Task – Whichever lines include the word "also", copy them as they appear in the data.

Data for processing –

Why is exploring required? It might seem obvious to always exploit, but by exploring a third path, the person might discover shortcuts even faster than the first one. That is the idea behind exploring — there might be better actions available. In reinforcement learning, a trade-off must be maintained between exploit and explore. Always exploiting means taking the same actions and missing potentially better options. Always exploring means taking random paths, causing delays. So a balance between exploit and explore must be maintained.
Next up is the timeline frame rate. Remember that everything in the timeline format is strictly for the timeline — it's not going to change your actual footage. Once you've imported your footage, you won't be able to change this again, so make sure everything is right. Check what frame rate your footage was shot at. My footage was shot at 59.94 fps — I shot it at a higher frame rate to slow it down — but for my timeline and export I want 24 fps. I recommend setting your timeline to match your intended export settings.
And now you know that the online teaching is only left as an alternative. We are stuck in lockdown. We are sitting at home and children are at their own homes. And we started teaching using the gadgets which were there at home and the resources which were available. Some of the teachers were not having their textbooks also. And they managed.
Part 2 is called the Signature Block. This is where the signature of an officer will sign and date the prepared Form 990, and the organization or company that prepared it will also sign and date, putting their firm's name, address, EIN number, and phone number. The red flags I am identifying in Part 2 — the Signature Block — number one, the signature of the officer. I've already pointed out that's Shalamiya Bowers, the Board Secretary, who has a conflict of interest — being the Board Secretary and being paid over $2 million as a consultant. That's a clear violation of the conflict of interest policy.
* * *
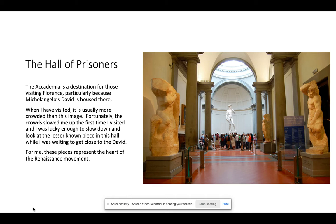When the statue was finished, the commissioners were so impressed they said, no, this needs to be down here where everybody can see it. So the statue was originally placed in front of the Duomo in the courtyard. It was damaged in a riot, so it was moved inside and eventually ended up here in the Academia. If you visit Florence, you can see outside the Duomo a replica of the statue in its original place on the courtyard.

Result –
And now you know that the online teaching is only left as an alternative. We are stuck in lockdown. We are sitting at home and children are at their own homes. And we started teaching using the gadgets which were there at home and the resources which were available. Some of the teachers were not having their textbooks also. And they managed.
Part 2 is called the Signature Block. This is where the signature of an officer will sign and date the prepared Form 990, and the organization or company that prepared it will also sign and date, putting their firm's name, address, EIN number, and phone number. The red flags I am identifying in Part 2 — the Signature Block — number one, the signature of the officer. I've already pointed out that's Shalamiya Bowers, the Board Secretary, who has a conflict of interest — being the Board Secretary and being paid over $2 million as a consultant. That's a clear violation of the conflict of interest policy.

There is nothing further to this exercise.